Taking a short cut across a bend in the road, we happen across the old path down to Masutomi. This guides us to our next appointment – with Kogure Ritarō, no less. Not the man himself, of course, but his monument, which stands on a slight eminence amid an aery grove of silver birch trees. The slanting sunlight floods in through the leafless branches.
It was a memorial service for Kogure here, records Fukada Kyūya in Nihon Hyakumeizan, that brought him to Mizugaki. We can imagine that Fukada and Kogure were well acquainted – Fukada joined the Japanese Alpine Club in June 1935, the very same year that Kogure became the club’s president. This explains why Fukada calls him the “doyen (dai-senpai) of our mountaineering community” in his chapter on Kinpu-zan, the sixty-eighth of his Hundred Mountains.
By the time Fukada wrote those words, Kogure was no longer there to appreciate them. He died in May 1944, during his ninth year of office as the Japanese Alpine Club’s president. It was a difficult time to be a mountaineer, let alone head up Japan’s pre-eminent mountaineering association. The fine bronze relief on the monument – by Satō Kyūichirō says Fukada – shows a face worn down by the cares of office.

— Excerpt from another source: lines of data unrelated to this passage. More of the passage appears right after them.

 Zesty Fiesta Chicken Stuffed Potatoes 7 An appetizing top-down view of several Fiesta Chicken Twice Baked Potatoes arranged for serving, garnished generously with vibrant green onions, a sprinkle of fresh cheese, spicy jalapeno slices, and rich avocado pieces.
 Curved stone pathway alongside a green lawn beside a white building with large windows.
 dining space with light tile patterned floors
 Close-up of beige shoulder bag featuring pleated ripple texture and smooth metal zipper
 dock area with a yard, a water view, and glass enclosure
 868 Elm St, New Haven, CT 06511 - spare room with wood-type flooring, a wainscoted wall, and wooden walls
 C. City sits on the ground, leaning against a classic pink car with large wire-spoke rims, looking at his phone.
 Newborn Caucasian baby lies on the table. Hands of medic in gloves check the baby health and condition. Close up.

This is not the youthful Kogure, with his bristling beard, striding out in August 1913 for an epic traverse over still unknown ways through the Japan Alps. In the above cartoon by the artist and fellow JAC member Nakamura Seitarō, Kogure and his companion, Tanabe Jūji, look like an ill-assorted pair, thrown together by chance because they lodged in the same Tokyo boarding house. Yet outward appearances may deceive.
For unlike most of the born-and-bred townsmen and professionals who made up the ranks of the early JAC, both Kogure and Tanabe started life in the deep countryside – Kogure in Gunma and Tanabe in Toyama. And both were brought up in villages that still adhered to the mountain faiths. Kogure even went on a pilgrimage to Mt Fuji at the age of thirteen.

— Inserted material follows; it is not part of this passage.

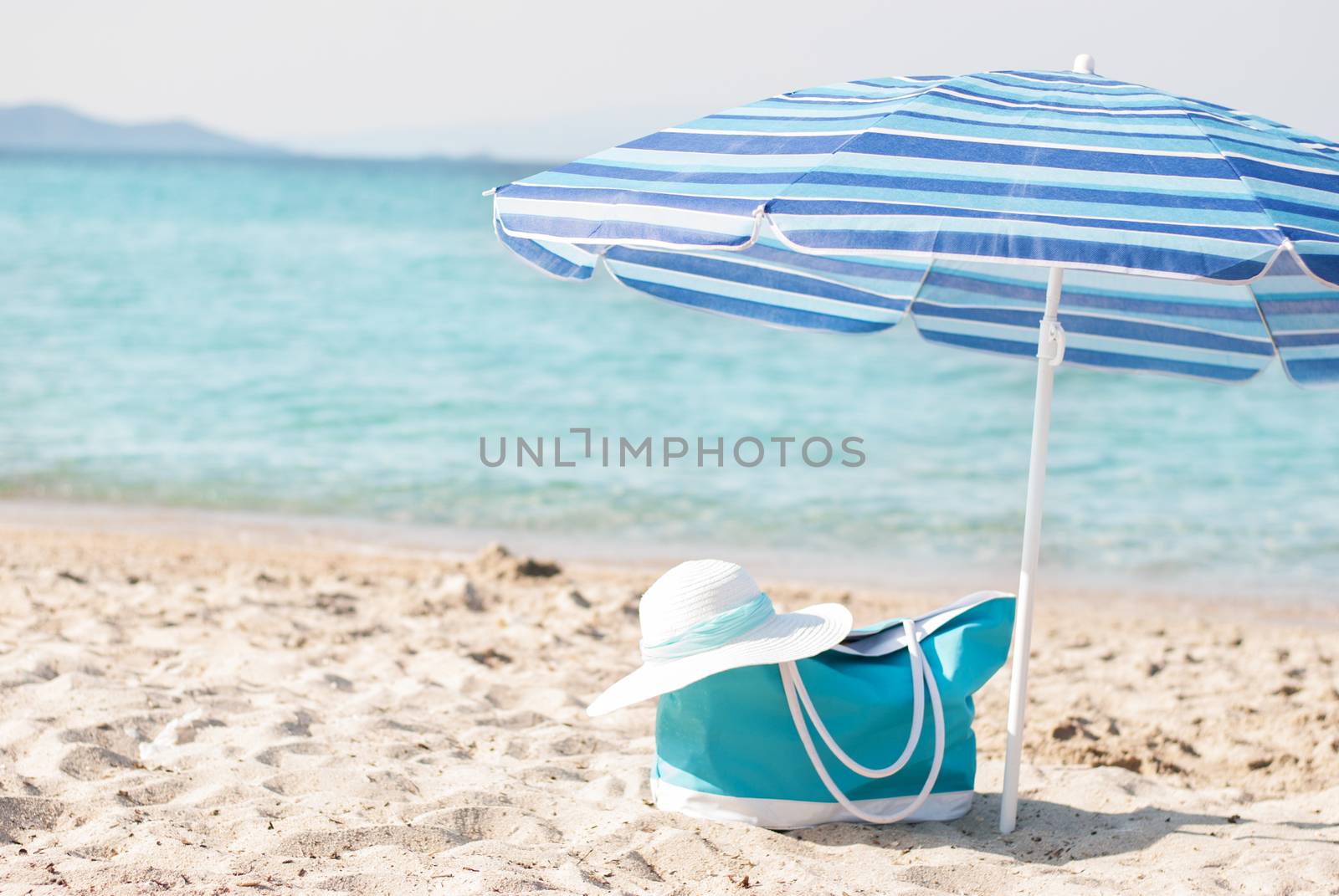 Turquoise bag and white hat on the beach.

Later in their lives, both men turned away from long and arduous forays through the big mountains. Instead, they turned their attention to the Chichibu region, closer to home and quieter than the increasingly crowded thoroughfares of the Hida range. This is why Kogure’s monument looks out towards Kinpu-zan, a peak that he said “could hold its head up in the company of any mountain in all Japan”.
It wasn’t just Kogure and Tanabe, of course. The idea of shorter, cheaper and lighter-weight excursions made sense to a growing number of Tokyo-based salarymen and women too. In 1919, a club was founded especially for them; Kogure joined up too, as did other eminent JAC members such as Takeda Hisayoshi.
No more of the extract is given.